When you book your hotel, request a room away from the lifts and fire exits. Rooms nearest to these are commonly more often likely to be robbed, so being in the centre of the floor is usually a safer option. If you are more of an ‘adventure’ traveler and going somewhere in the more ‘off-beaten path’ locations, advance request a room between the 1st and 7th floors. In the more emerging and developing parts of the world the Fire Response ladders might not extend higher. 

On arriving at your hotel or resort, take a few moments to ‘familiarise’ yourself with the venue and find out where the fire escapes are, what security there is on the beach, in the hotel or at the entrance. Could be useful to know where to get help should you need it.

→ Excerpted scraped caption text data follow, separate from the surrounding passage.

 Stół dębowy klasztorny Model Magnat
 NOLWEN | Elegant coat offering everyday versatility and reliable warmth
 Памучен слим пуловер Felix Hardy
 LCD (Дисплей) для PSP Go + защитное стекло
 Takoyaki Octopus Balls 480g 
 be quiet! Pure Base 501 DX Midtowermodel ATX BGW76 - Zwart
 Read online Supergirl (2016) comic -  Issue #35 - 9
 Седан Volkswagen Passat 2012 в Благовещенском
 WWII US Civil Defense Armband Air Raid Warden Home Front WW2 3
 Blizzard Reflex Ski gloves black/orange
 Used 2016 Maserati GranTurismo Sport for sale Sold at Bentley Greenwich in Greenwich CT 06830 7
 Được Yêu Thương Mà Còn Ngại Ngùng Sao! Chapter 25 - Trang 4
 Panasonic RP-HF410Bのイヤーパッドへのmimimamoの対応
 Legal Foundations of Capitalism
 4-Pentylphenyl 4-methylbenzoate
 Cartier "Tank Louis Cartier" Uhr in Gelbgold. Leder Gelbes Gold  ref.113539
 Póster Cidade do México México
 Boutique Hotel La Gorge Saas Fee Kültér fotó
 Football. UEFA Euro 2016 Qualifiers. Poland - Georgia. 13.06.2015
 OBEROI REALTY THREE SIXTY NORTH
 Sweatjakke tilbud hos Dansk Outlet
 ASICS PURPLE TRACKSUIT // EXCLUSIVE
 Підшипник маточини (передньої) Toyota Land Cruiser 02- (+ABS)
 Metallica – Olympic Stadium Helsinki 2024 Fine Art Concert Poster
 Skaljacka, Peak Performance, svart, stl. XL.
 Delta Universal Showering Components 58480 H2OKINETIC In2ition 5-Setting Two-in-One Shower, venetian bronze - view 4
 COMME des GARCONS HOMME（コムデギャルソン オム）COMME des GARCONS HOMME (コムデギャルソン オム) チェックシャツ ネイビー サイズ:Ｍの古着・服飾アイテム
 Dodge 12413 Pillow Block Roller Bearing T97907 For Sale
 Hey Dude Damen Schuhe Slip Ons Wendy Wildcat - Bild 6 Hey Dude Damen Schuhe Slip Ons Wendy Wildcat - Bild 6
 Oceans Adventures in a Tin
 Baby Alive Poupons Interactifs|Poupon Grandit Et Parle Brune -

It’s not just an old cliché that CIA/Special Ops ‘types’ always first check where their exits are when they enter any room or environment. It’s actually very good practice. So if you’re in a shopping mall, hotel, restaurant or even a café, consider where you might go if your original entry point might be denied. This is also good practice for situations beyond terrorism like even being caught in a fire.

It is also worth agreeing a plan with your partner or family members for where you will all meet if separated or if there’s an emergency either when you’re in the hotel (for example, to meet in one of your rooms, at the reception, etc.) but also when outside and sightseeing away from the hotel (could be at the entrance to a market, a particular shop, café, restaurant or even back at the hotel). Many of you with small children probably do this already in the event they get separated or lost from you on day’s out.

Hopefully you won’t need to action any of these plans, but you may regret it if you haven’t taken the few minutes to do a little research and preparation.


Within this section, I cover what to do if you are caught-up in an actual situation.

TIP # 5        RUN

Sounds obvious but it actually isn’t. We will need to resist our inherent human nature to be curious and desire to investigate. If you can, move as quickly as you feasibly can in the opposite direction to any ‘suspicious’ noise until you feel sufficiently far enough away to be safe. Remember, the more distance you create between you and a potential threat, the safer you will be.

TIP # 6        HIDE

If you have little or no other option (i.e. the only direction you can run will or might take you directly into harms’ way), then hiding might be your best and only option. Equally, as in the terrorist situations like Tunisia, remaining indoors could be your much safer option till you can determine what’s going on. However, in situations like the Mumbai terrorist attack, leaving and escaping the hotel could be your best option. Each situation can be different, so prepare as much as you can for every eventuality.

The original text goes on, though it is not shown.